Now, the way you wrote it, it looks like you've changed from windows to ubuntu then back to windows - perhaps you tried a dual boot but Ubuntu didn't take?
It is unlikely that ubuntu would have fiddled the windows settings, since it would be doing everything in different partitions... however, if you were not careful during the install process (like at the partitioning stage) then vital data could have been lost. Remember, windows can put data anywhere!
Cleaning and repartitioning ntfs drives is problematical - so much so that many members here just buy a new hard drive for linux - and the defrag process for vfat based systems (win98) needs to be done from a dos boot to be certain.
To get your soundcard back, probably best to try reinstalling it's drivers. Or, simply(?) reinstalling the OS you want.

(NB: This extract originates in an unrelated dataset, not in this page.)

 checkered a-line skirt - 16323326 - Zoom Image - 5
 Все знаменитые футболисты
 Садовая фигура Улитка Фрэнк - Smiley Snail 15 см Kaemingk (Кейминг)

If, however, you did a clean install of ubuntu (no other OS) and then a clean reinstall back to the start, then Ubuntu is completely innocent. Look hard at the reinstall.
Now: I see from the sidebar that you have Yoper 2.0 (2.1 is out...) listed as your distro? This "changing OS losing sound" seems often associated with yoper. It seems that yoper is very specialised and changing things around can make for lots of work. This is the price of all that power and speed in a small (single iso) package!
If it is yoper that cannot find the card, as opposed to windows, then the fastest fix would be to reinstall yoper. The install is very fast, probably faster than tracking down the fault to correct it.
Googling this problem for yoper produces lots of promising links to http:\\
www.yoper.com ... but I havn't been able to connect. Odd for an active distro.
BTW: "gfx" stands for "graphics" - and your card is listed as a graphics accelerator card. Getting sound out of it would be difficult anyway. Try doing lspci and showing us what *does* happen.